SUPPLIED RECORDS:
○ ○ ○ ○ ○
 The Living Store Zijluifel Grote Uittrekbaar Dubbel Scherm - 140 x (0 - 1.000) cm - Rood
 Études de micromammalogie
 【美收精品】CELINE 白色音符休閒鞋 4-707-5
○ ○ ○ ○ ○
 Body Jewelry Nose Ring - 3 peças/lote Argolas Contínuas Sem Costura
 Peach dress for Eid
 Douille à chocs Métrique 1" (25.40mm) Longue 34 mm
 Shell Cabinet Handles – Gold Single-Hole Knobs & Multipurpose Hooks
○ ○ ○ ○ ○
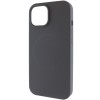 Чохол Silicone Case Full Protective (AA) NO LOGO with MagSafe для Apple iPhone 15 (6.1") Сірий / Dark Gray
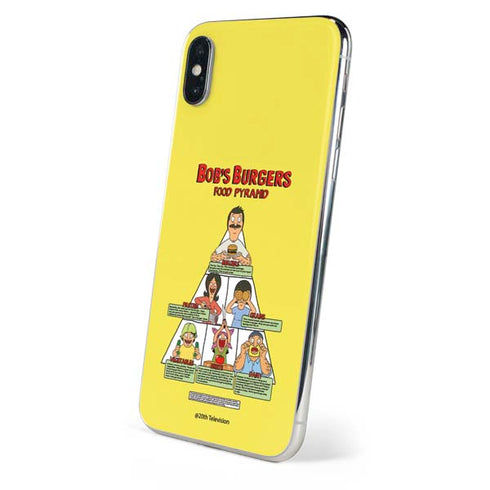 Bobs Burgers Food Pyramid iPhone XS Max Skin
○ ○ ○ ○ ○
The response must hold only the lines above from the line with "Douille à chocs" through the line with "Shell Cabinet Handles", each copied exactly, both ends kept.

 Douille à chocs Métrique 1" (25.40mm) Longue 34 mm
 Shell Cabinet Handles – Gold Single-Hole Knobs & Multipurpose Hooks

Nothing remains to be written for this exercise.